Haven't tried multiplayer yet, so this is based only on the campaign... I feel that very often, whichever side approaches the other first is placed at a disadvantage, because they use up a move card closing distance, leaving the opponent a move card to get ideal relative positioning and/or give the opponent the first attack. This is exacerbated by the fact that advancing frequently puts one of your characters within range of several of theirs. In some cases, one side has a clear range advantage or controls victory squares, which means the other player clearly has to approach: that's fair. But in very many of the battles I've played so far (I'm level 10), either neither side has significant access to long-range attacks (common in the first few levels), or the terrain provides enough hiding spots that you can nullify an enemy range advantage if you choose to dig in. Which means neither side has to approach, and both stand to lose by doing so. I've passed on my very first turn many times. Sometimes on my first 2 or 3 turns. I don't know what can reasonably be done to address this, but I think it's a problem: if both sides are better off digging in and waiting for the enemy to come to them, then the natural outcome is boredom. Even if you can abuse the AI because it's not smart enough to stay away when it should, it feels tedious and unsatisfying if it happens regularly. And occasionally the AI does decide to pass rather than charging you, in which case suddenly the round's over, and you're probably not disadvantaged but it still feels like you've been cheated because you have to discard a bunch of cards you were expecting to play. Is turtling a common multiplayer strategy? If not, what prevents it?

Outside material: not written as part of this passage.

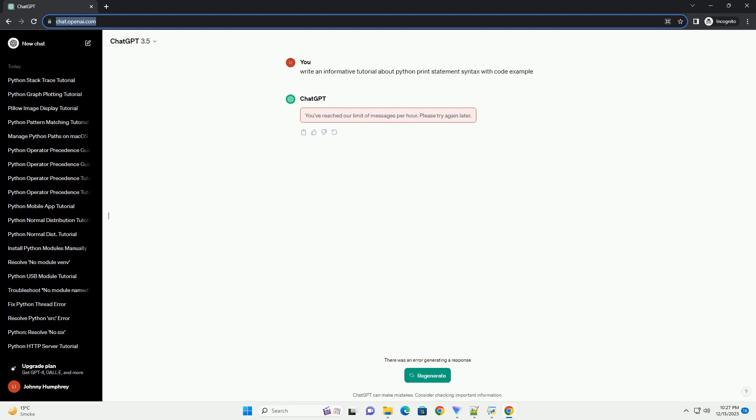You can concatenate strings within the print statement by using the plus operator. Here, the strings are concatenated to form a greeting message. Python 3.6 introduced f-strings, a concise way to format strings within the print statement. The expressions inside curly braces are evaluated and their values are inserted into the string.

I don't see this as a problem, but as a lesson in patience and timing. That's an appropriate risk for this strategy. Victory squares in the center of the map.
You think it's appropriate for the strategic outcome to be "you'll definitely win" and for the risk to be "but you might not have fun doing it?"
Victory locations force the fight. Every multiplayer map so far has one or four victory locations that the teams fight over. With six victory points all you have to do is kill one enemy and sit four rounds on the square(s), or kill two and sit two rounds. You can throw lava on the squares, but with enough armor it becomes worth the damage to get the star. You'll often have multiplayer games boil down to one player trying to close the distance and the other player trying to run his characters away, especially if one team has more warriors or wizards than the other. If you have the advantage, you take the squares or hope you have enough move cards to run down their characters. If you have a crappy hand of cards you cede the victory squares stay out of line of sight and hope you draw something better next round.
Even in Multiplayer with the victory squares, because of terrain cards it is often suicidal to make the first move. Most of the time people turtle and wait for the opponent to move first because there is a huge advantage in letting them move first.